**Task requirements**
From the line that contains "House Building Roof Logo" down to the final line of the listing below, set down every line exactly, both ends included, and drop the pictures.
Content starts
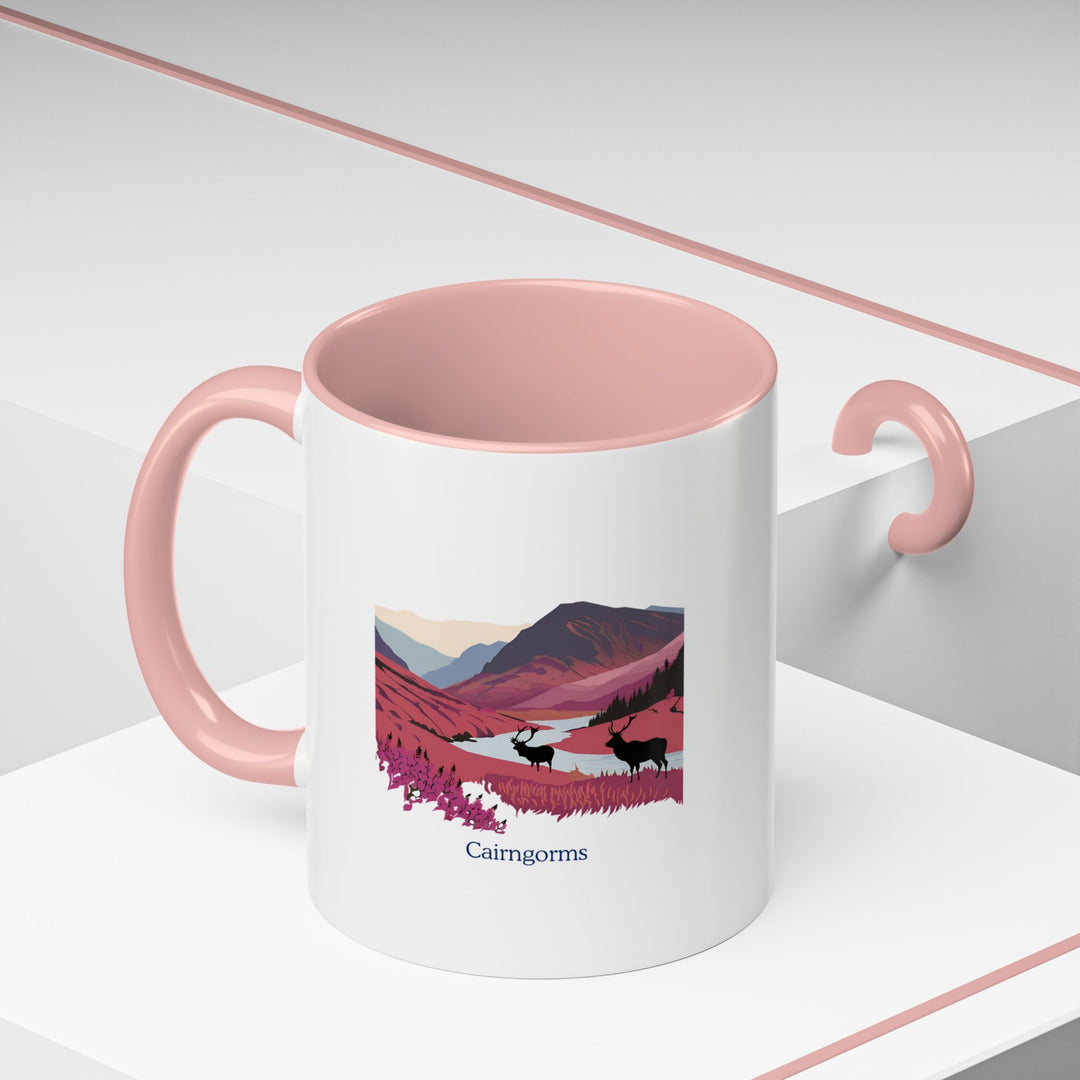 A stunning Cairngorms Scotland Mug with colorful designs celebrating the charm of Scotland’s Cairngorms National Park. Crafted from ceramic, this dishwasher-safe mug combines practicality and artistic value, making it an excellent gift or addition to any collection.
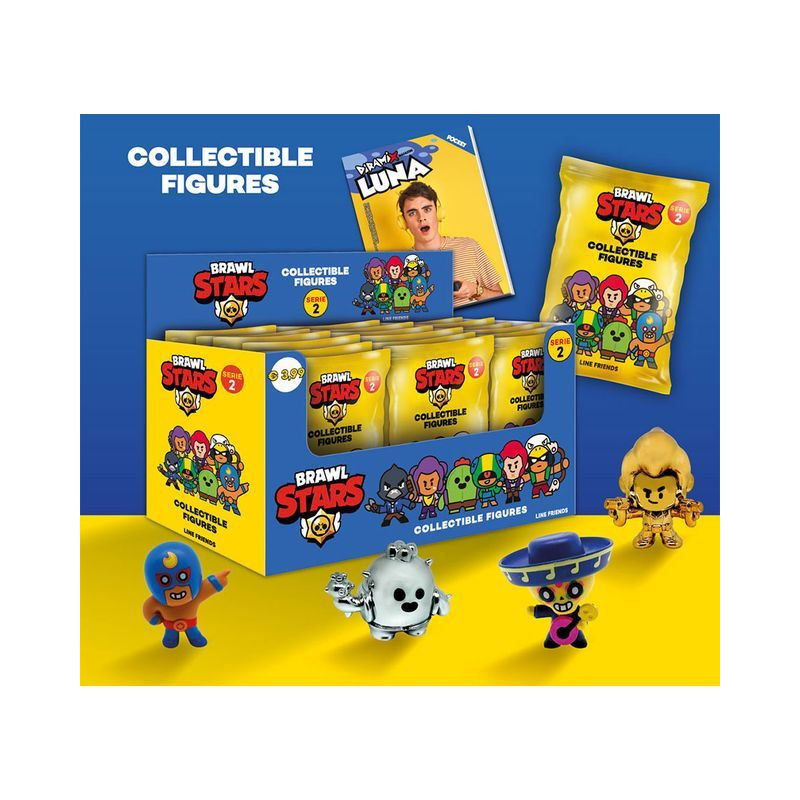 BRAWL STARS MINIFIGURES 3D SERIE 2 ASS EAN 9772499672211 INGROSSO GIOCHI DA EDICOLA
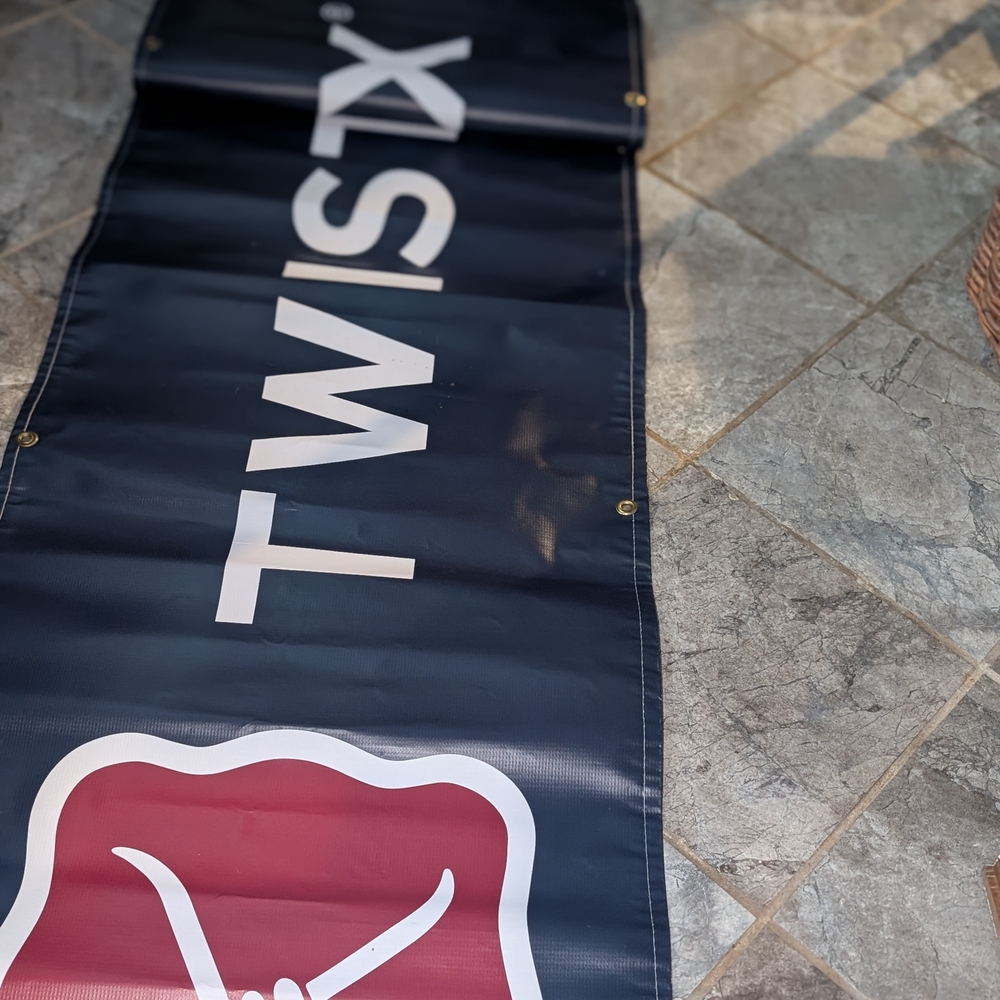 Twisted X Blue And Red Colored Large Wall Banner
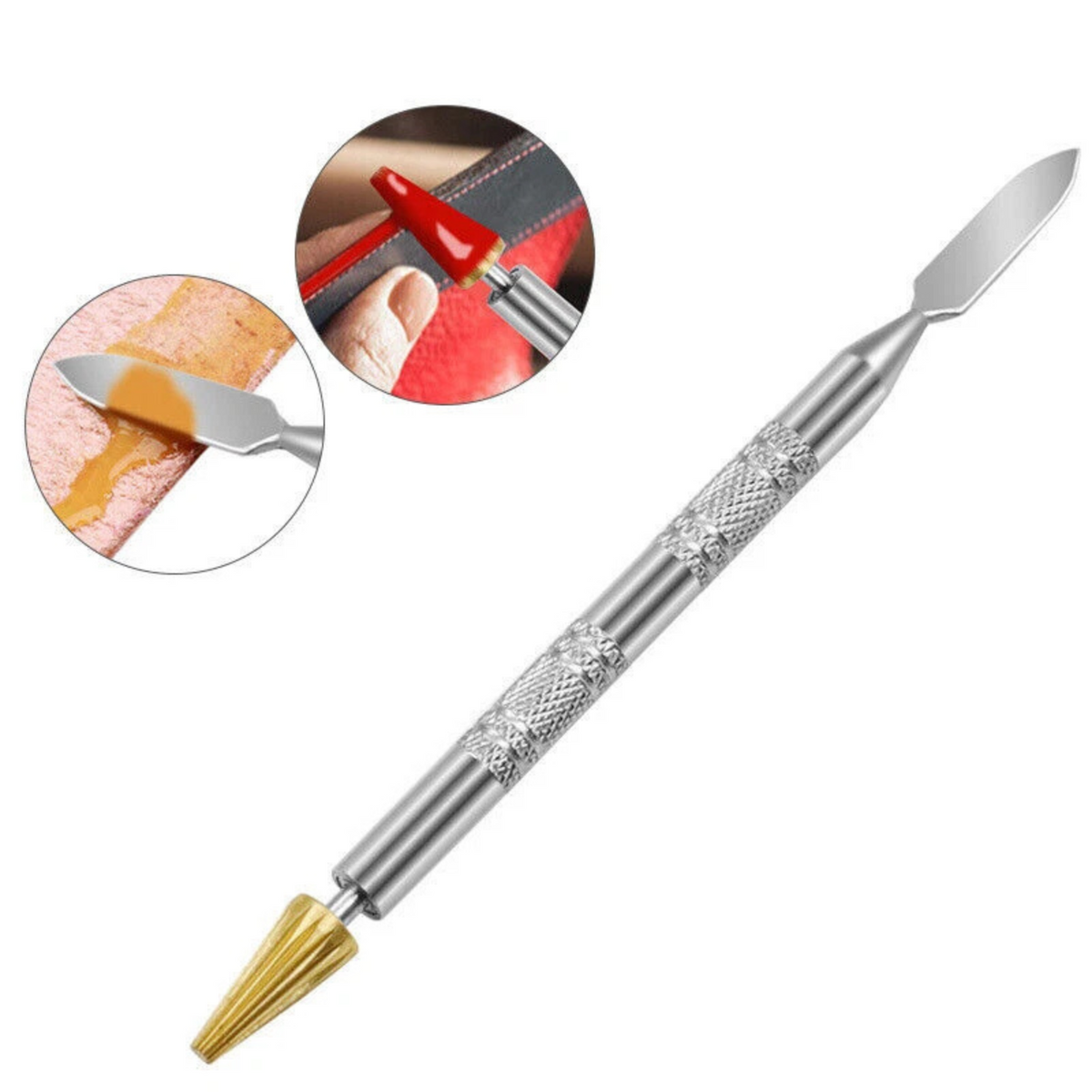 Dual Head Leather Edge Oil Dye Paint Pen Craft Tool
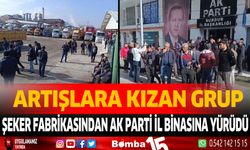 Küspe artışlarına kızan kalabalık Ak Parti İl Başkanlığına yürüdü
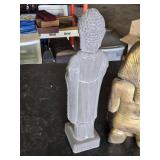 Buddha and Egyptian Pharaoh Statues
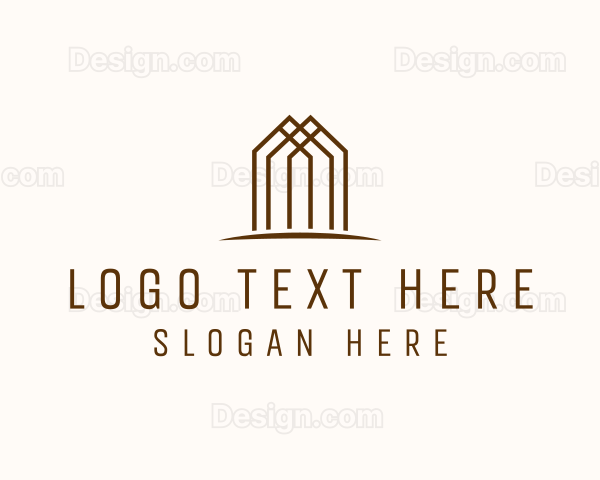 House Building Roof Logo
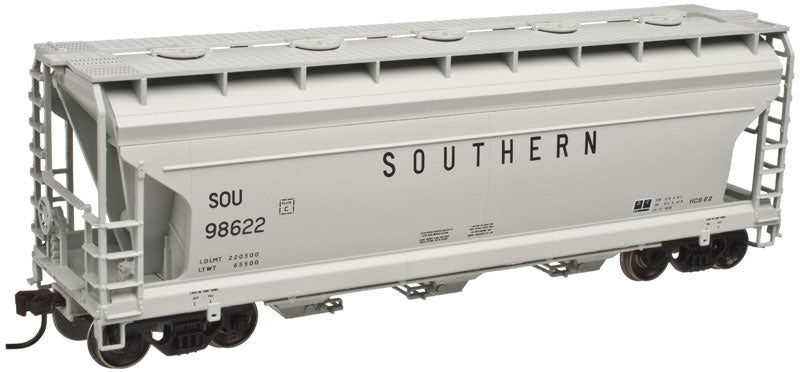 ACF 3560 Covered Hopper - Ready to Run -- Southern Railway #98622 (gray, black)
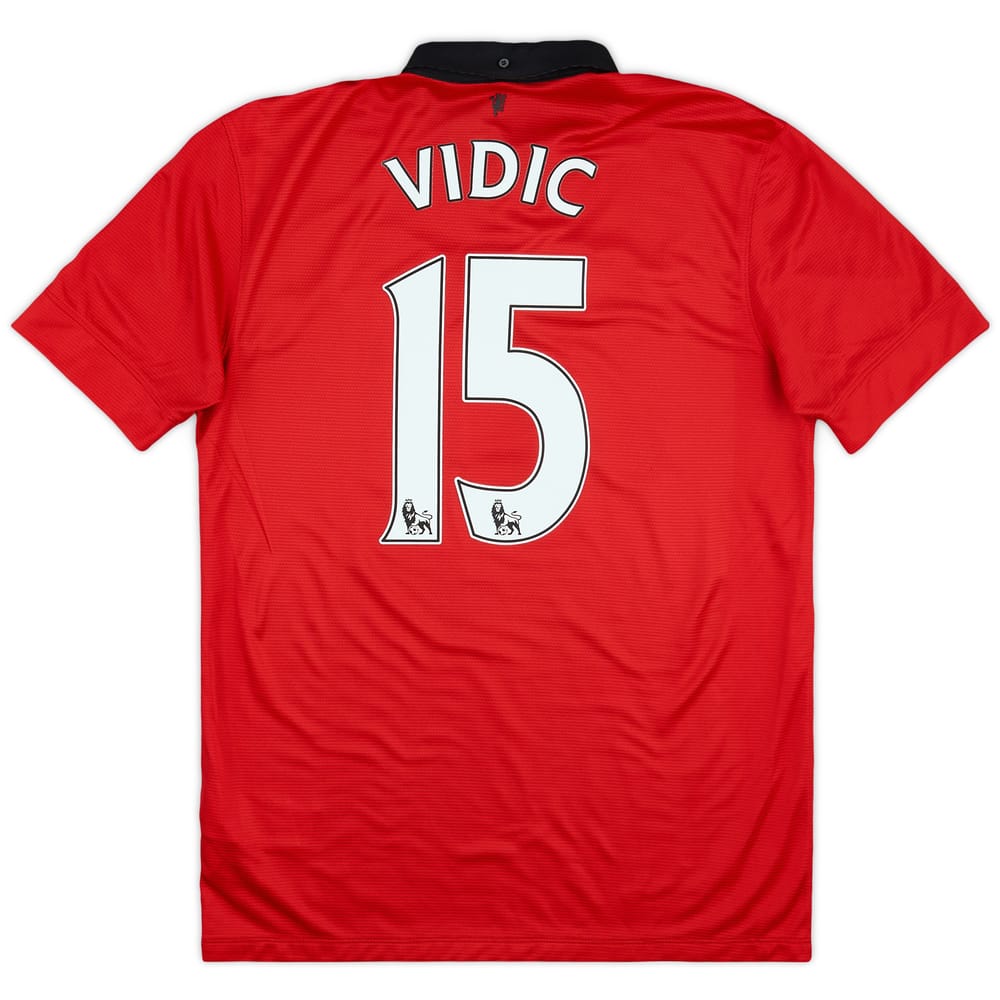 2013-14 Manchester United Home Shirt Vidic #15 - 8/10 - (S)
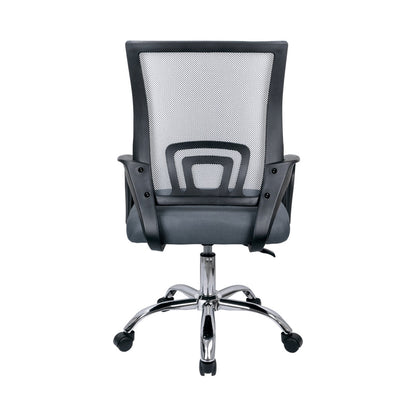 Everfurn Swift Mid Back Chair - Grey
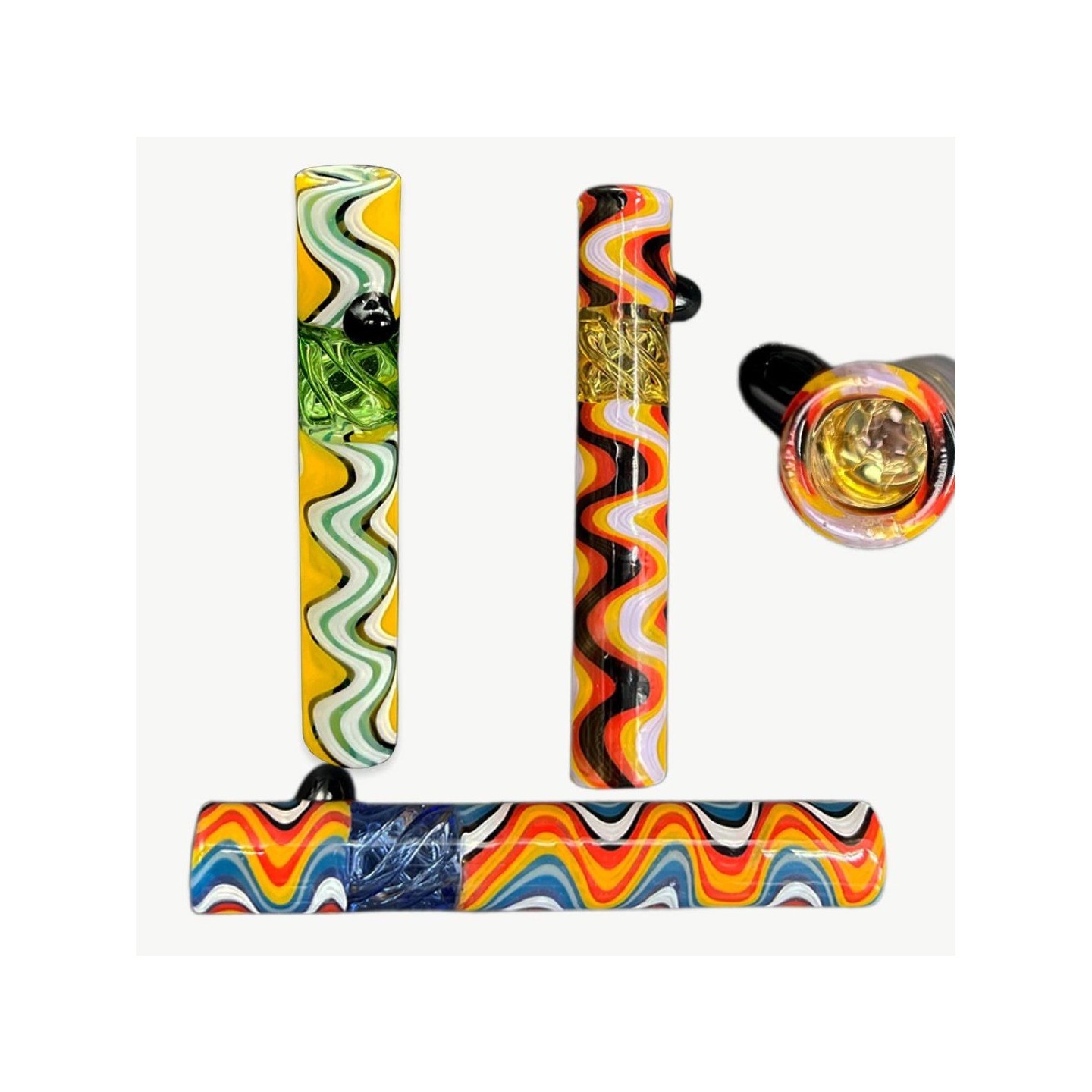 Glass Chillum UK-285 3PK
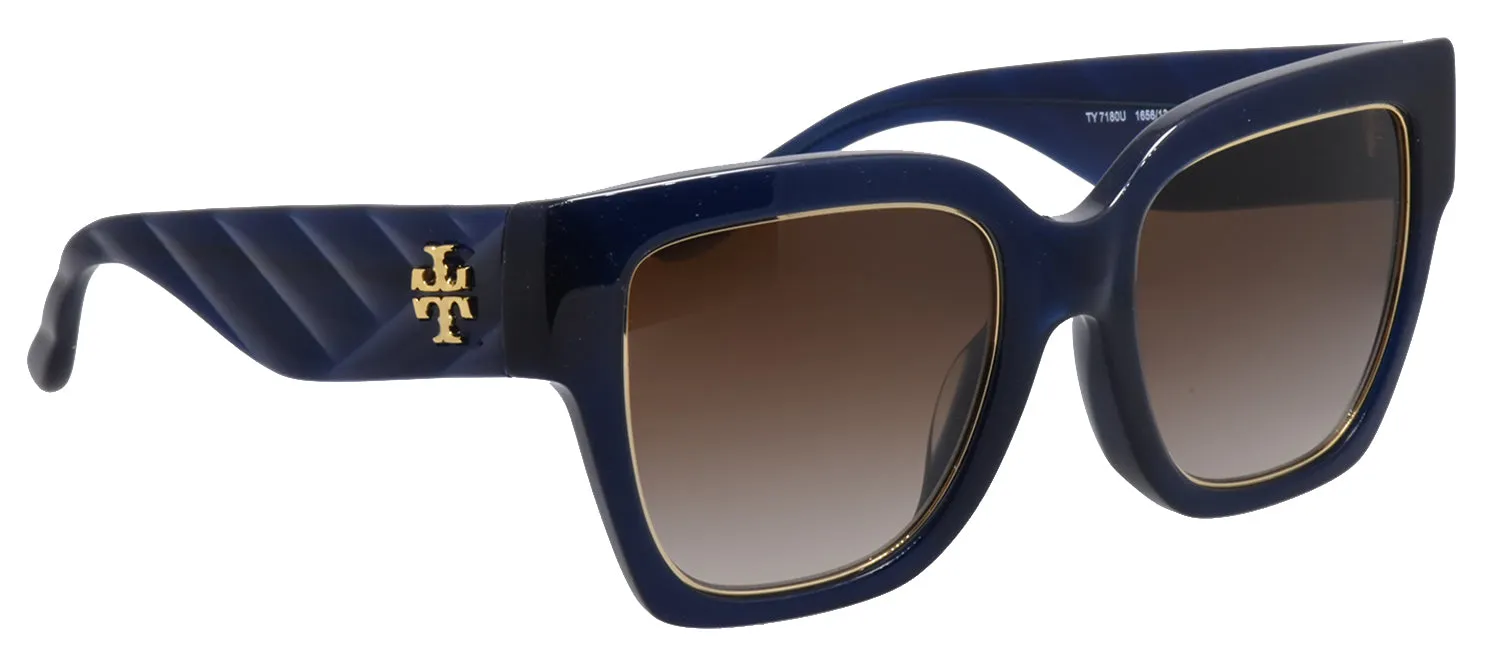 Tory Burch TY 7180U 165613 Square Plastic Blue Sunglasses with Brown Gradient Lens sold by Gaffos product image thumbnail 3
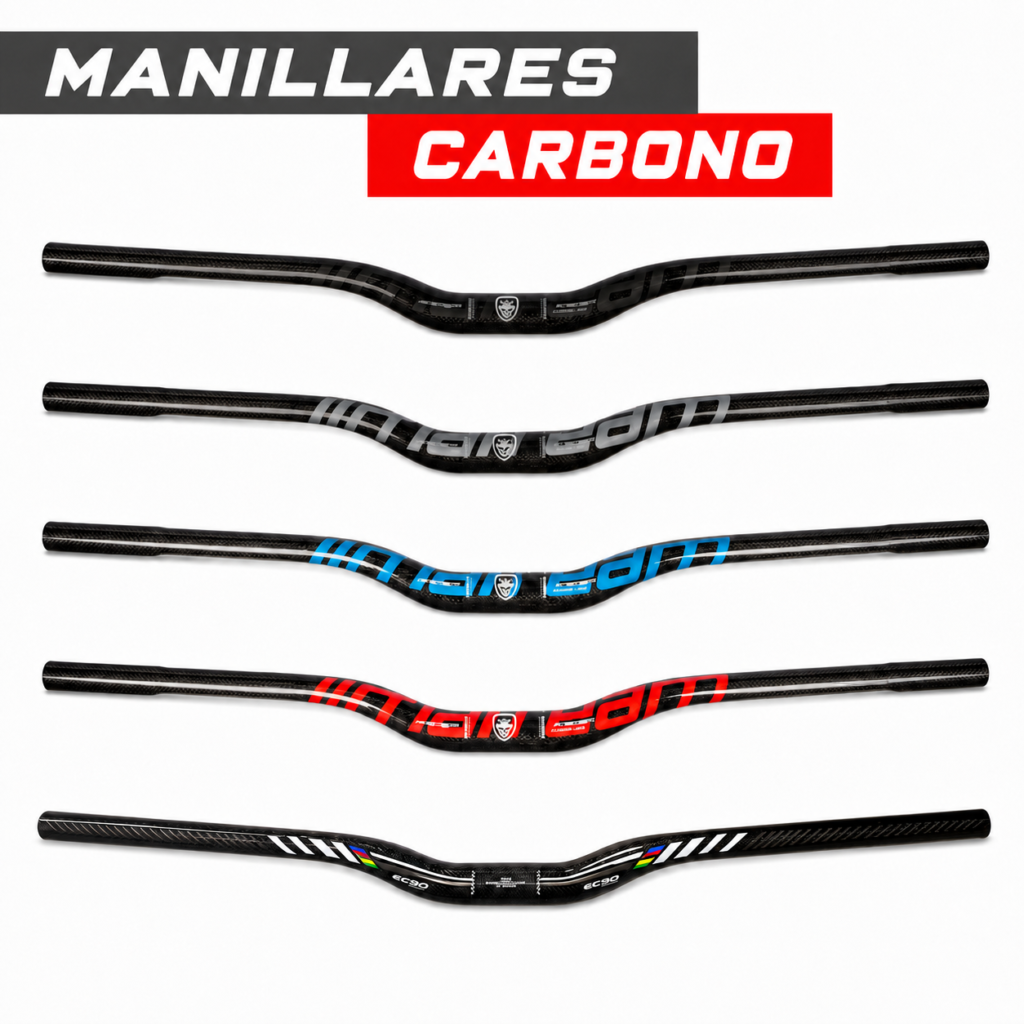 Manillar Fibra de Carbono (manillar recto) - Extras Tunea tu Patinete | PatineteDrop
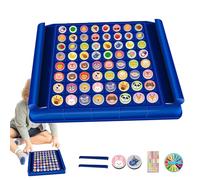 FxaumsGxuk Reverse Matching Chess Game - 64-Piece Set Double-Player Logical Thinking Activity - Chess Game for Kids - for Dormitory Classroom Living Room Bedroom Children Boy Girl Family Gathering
Content ends
**Response to this task**
 House Building Roof Logo
 ACF 3560 Covered Hopper - Ready to Run -- Southern Railway #98622 (gray, black)
 2013-14 Manchester United Home Shirt Vidic #15 - 8/10 - (S)
 Everfurn Swift Mid Back Chair - Grey
 Glass Chillum UK-285 3PK
 Tory Burch TY 7180U 165613 Square Plastic Blue Sunglasses with Brown Gradient Lens sold by Gaffos product image thumbnail 3
 Manillar Fibra de Carbono (manillar recto) - Extras Tunea tu Patinete | PatineteDrop
 FxaumsGxuk Reverse Matching Chess Game - 64-Piece Set Double-Player Logical Thinking Activity - Chess Game for Kids - for Dormitory Classroom Living Room Bedroom Children Boy Girl Family Gathering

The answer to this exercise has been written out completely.